Dalam keremangan cahaya lentera penjara Bagumbayan,
Filipina yang kotor dan kumuh, pada malam yang dingin dan pekat, Jose Rizal,
seorang pejuang kemerdekaan negerinya Corru Aquino, berdiri dengan gelisah.
Saat itu akhir Desember 1896. Agaknya dia menyadari bahwa ajal sebentar lagi
bakan menjemputnya.
Melalui secarik kertas yang kusam, lelaki
yang berusia 35 tahun itu mengguratkan melalui ujung penanya, serentetan sajak
panjang yang berisi pesan, ucpan selamat berjuang dan selamat tinggal kepada
bangsa dan negara yang dicintainya dengan segenap jiwa raganya.
“ Mati adalah awal dari sitirahat baka “,
tulis Jose Rizal dalam “ Mi Ultimo Adios “ ny, yakni suatu untaian sajak
panjang yang indah dan mengharukan. Suatu sajak yang kelak akan menjadi buah
bibir setiap patriot bangsa dan pecinta kemerdekaan. Suatu sajak yang kemudian
jadi bahan deklamasi bagi mereka yang pikiran dan peasaannya dibakar dan
dirangsang oleh kehangatan dan kesyahduan kemerdekaan.

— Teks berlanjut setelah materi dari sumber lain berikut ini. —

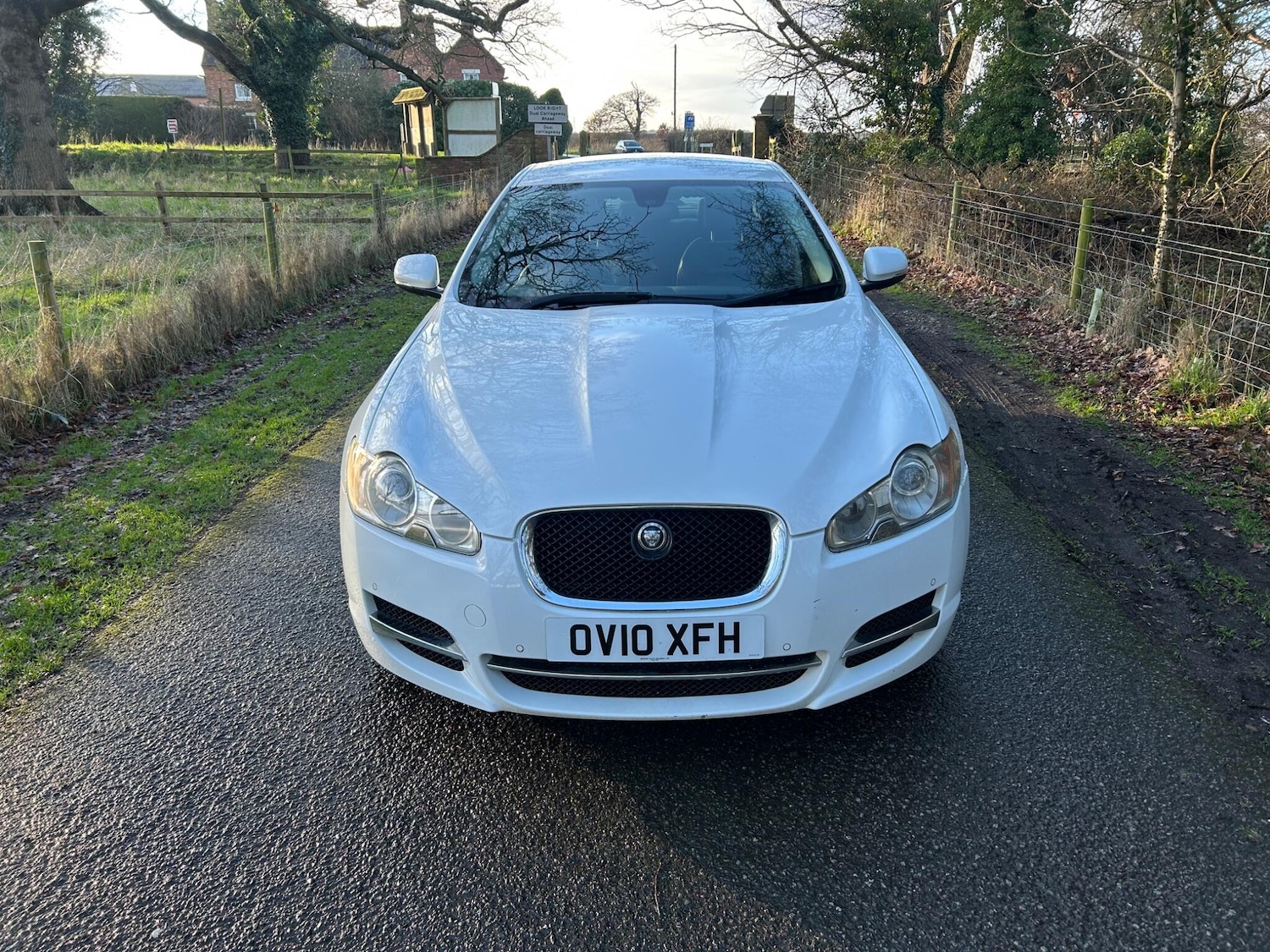 Used Jaguar XF 2010 for sale - 77524158: Photo 4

“ Tempat untuk mati, juga bukan soal. Siprus,
pohon salam atau pohon bakung putih mentah. Tiang gantungan atau lapangan
terbuka. Mati sahid ataupun di medan laga. Sama nilainya, jika demi Ibu Pertiwi
“ Sajak yang merupakan karya terakhirnya itu, setelah beberapa novelnya seperti
Noli Me Tangere, El Filibusterismo dan puluhan artikel perjuangan dalam berbagai
media masa yang mengutuk kebusukan pemerintah kolonial Spanyol --, dilipat dan
disembunyikannya dibalik lentera. Pagi harinya, dengan tegar dan ketenagan yang
luar biasa, dia dijemput oleh sang maut tatkala sepasukan regu tembak
pemerintah kolonial Spanyol, memberondong tubuhnya dengan butiran-butiran
peluru pencabut nyawa. Ketenangan dan ketegaran yang dimilikinya, agaknya
adalah karena keyakinan yang dimilikinya. Suatu keyakinan yang teguh, seperti
yang dikatakannya sendiri dalam baris-baris indah sajaknya, “ Aku pergi ke
daerah tanpa budak, tanpa algojo dan tanpa penindasan. Suatu tempat, di mana
keyakinan mustahil dibunuh, yaknik tempat Sang Maha Pencipta berdaulat abadi “
Memang Sang Pejuang boleh gugur memeluk bumi.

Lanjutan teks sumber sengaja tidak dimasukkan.